The loss of the Masters in Peace and Conflict Studies follows the transfer of several others including Irish History and Politics, Peace and Conflict Studies and Irish Language and Literature to other UU sites.
People Before Profit’s Eamonn McCann has called on Vice Chancellor Paddy Nixon to reverse the decision which Mr McCann says flies in the face of assurances Mr Nixon gave him that no more courses would be withdrawn.
Mr McCann wrote to Mr Nixon, stating: “You assured me of your commitment to the Magee campus and indicated that you saw the range of courses on the campus expanding, rather than contracting.
“Yet I discovered that the Masters in Peace and Conflict Studies, the final remaining degree available on Magee campus in a subject that has been an important part of Magee’s — and Derry City’s — offerings for at least 30 years is moving to Jordanstown.
“This move makes absolutely no sense. I understand that the course has recruited well here at Magee and usually includes several students from the United States.”
Mr McCann claimed it was entirely appropriate for the course to be based at Magee and said why he believed it should continue at this campus.
He wrote: “Derry City is where the civil rights movement began, where Bloody Sunday led to all-out war — and where the peace process began.
“It is the obvious place in Northern Ireland to study Peace and Conflict Studies. I trust that this move has happened without your consent and that it is not too late to stop it”.
Mr McCann said he has yet to receive a reply to his correspondence from Mr Nixon.
A university spokeswoman confirmed the loss of the course at Magee but insisted the university remained committed to the INCORE at the campus.
She said: “A revised version of the MSc in Peace and Conflict course will move from Magee campus to Belfast campus in 2019. This new course will incorporate wider elements of policy, law and community studies alongside peace and conflict, providing a more inter-disciplinary research focused curriculum which will ultimately benefit students undertaking the course.

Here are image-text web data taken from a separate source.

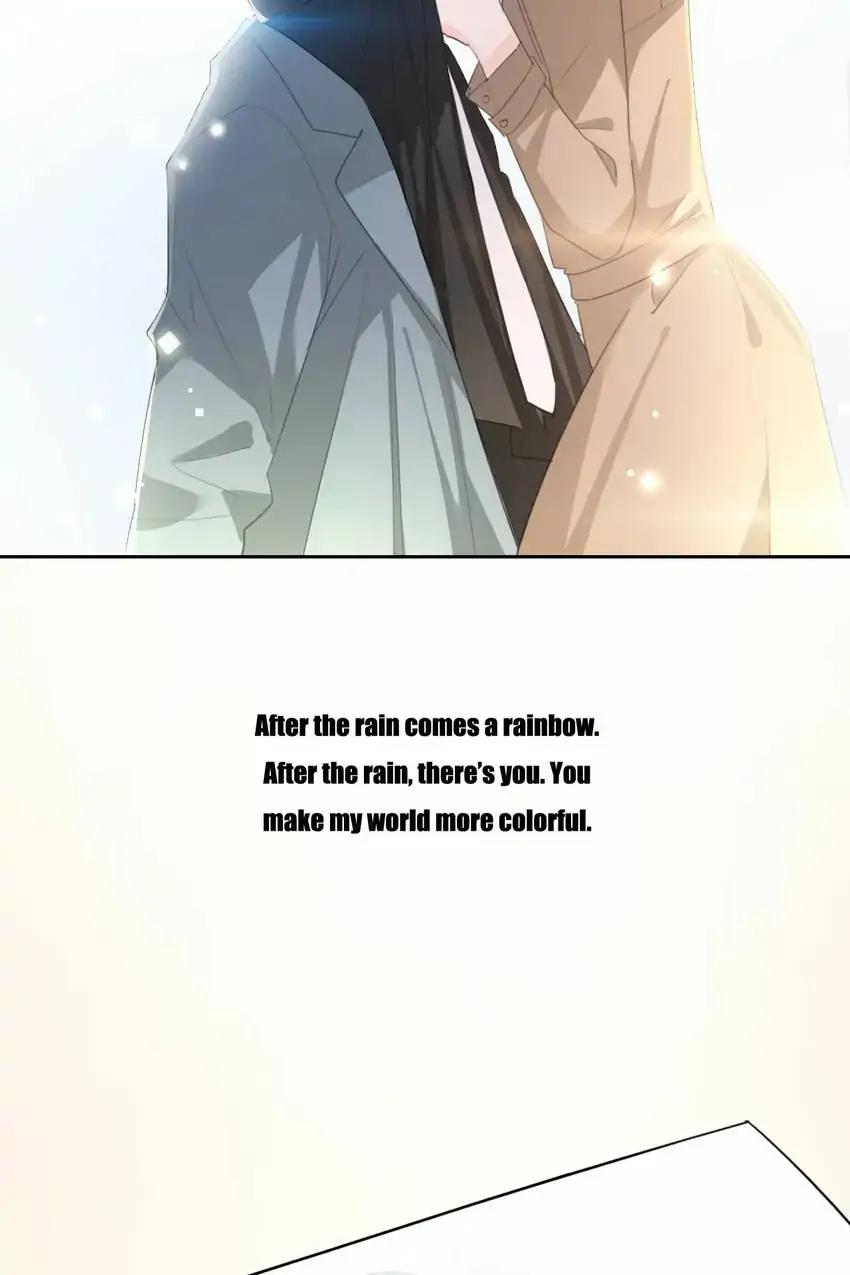 Asking You To Date Is Too Hard Chapter 38 - page 33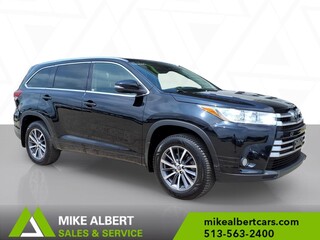 2017 Toyota Highlander for sale in Cincinnati OH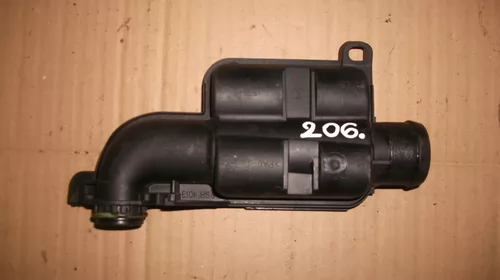 Conducte si furtune - Tubulatura aer pentru Peugeot 207 , motorizare 1.4 Diesel, cod 9650712480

“We remain firmly committed to INCORE at Ulster University’s Magee campus and through the development of new study options and the creation of new opportunities to study peace and conflict at Magee, including strengthened delivery of the Clinton International Summer School. The Hume-O’Neill Chair in Peace will also remain at the Magee campus and this combined with INCORE’s research credentials will continue to attract global dignitaries and international delegations.”